ServerMaint

dormando edited this page Dec 22, 2016 · 2 revisions

Contents

Watching Server Health

Memcached has a lot of statistical counters. Most are tallies, but others serve as warnings for an administrator to notice. Note that there are many tools and top programs floating around which serve to help you digest this information.

Issuing Commands

Monitoring scripts should ideally issue test sets/gets/deletes to the servers occasionally, timing the response of each. If it's slow to connect you might have a connection or network problem. If it's slow to respond the server might be swapping or in ill health. You should always strictly monitor the health of a server, but an extra layer can be appreciated.

Important Stats

These are found when issuing a simple stats command to a memcached server.

curr_connections

Lists the number of clients presently connected. Monitor that this number doesn't come too close to your max connection setting (-c).

listen_disabled_num

An obscure named statistic counting the number of times memcached has hit its connection limit. When memcached hits the max connections setting, it disables its listener and new connections will wait in a queue. When someone disconnects, memcached wakes up the listener and starts accepting again.

Each time this counter goes up, you're entering a situation where new connections will lag. Make sure it stays at or close to zero.

accepting_conns

Related to the above listen_disabled_num, if you're already connected to memcached you can see if it's hit max connections or not by checking if this value is 1 or 0.

limit_maxbytes

Sometimes it's nice to ensure that how you think memcached starts and how it actually starts are in line. By checking limit_maxbytes you can verify that the -m argument took.

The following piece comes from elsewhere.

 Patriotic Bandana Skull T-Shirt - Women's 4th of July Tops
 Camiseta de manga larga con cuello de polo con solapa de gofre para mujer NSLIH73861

Occasionally people using init scripts can be misconfigured and memcached will start with default values.

cmd_flush

While not exactly server health per-se, this is a good one to generically monitor. Every time someone issues a flush_all command, all items inside the cache are invalidated, and this counter is incremented. Sometimes debug code or misinformed people can leave scripts or callbacks running to "invalidate" the entire cache. Watch this value in production and sound the alarms if it starts moving, unless you really intended it to.

stats sizes

Written a few times in these pages, it bears repeating; don't run this thing in production unless you can handle having the cache hang for up to several minutes. As of this writing this is the last command which iterates over all known cache items to run a calculation.

Slab imbalance

A more complicated issue is an imbalance of the amount of memory assigned per slab, compared to where your actual data wants to go. Confusing speech for a simple algorithm:

# Monitor the global 'evictions' stat. If it starts going up. (or you can skip straight to #2) # Monitor the 'evicted' and 'evicted_nonzero' stats inside stats items. 'evicted_nonzero' means the object was evicted early and did not have an infinite expiration time. This information is per-slab. # Read the 'total_pages' stats from stats slabs, and overlay those numbers with the evicted stats from above. # If the slabs with the most evictions line up with the slabs containing the highest number of pages, you might legitimately be out of memory.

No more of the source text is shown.